**ABOUT THIS TASK:** Where the line containing "Condominio en venta" appears in the records below, begin there and write out each line exactly until the last one, and nothing more.

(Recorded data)
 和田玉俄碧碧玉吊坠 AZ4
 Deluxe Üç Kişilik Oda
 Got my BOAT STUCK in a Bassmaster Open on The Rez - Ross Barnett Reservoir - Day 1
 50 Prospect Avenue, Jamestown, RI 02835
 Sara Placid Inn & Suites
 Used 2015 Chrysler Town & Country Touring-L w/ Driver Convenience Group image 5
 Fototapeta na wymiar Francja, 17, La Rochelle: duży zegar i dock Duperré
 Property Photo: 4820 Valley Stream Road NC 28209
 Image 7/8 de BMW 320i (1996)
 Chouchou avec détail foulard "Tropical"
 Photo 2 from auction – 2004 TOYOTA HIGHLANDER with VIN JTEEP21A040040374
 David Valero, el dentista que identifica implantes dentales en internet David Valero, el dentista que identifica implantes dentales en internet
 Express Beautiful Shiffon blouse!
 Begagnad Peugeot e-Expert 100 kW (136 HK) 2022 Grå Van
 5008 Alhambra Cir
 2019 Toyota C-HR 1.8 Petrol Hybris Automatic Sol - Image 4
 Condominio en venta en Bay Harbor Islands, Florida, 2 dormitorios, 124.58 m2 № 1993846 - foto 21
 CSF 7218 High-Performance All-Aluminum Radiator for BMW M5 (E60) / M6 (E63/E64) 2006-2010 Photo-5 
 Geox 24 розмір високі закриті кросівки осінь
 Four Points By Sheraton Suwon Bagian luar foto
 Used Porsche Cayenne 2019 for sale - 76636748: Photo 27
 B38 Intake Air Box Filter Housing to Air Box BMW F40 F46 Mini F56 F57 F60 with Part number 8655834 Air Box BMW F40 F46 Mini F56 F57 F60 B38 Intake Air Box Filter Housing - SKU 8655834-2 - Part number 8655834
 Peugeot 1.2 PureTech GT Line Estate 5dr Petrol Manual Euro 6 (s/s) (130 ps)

**WRITTEN RESPONSE:**
 Condominio en venta en Bay Harbor Islands, Florida, 2 dormitorios, 124.58 m2 № 1993846 - foto 21
 CSF 7218 High-Performance All-Aluminum Radiator for BMW M5 (E60) / M6 (E63/E64) 2006-2010 Photo-5 
 Geox 24 розмір високі закриті кросівки осінь
 Four Points By Sheraton Suwon Bagian luar foto
 Used Porsche Cayenne 2019 for sale - 76636748: Photo 27
 B38 Intake Air Box Filter Housing to Air Box BMW F40 F46 Mini F56 F57 F60 with Part number 8655834 Air Box BMW F40 F46 Mini F56 F57 F60 B38 Intake Air Box Filter Housing - SKU 8655834-2 - Part number 8655834
 Peugeot 1.2 PureTech GT Line Estate 5dr Petrol Manual Euro 6 (s/s) (130 ps)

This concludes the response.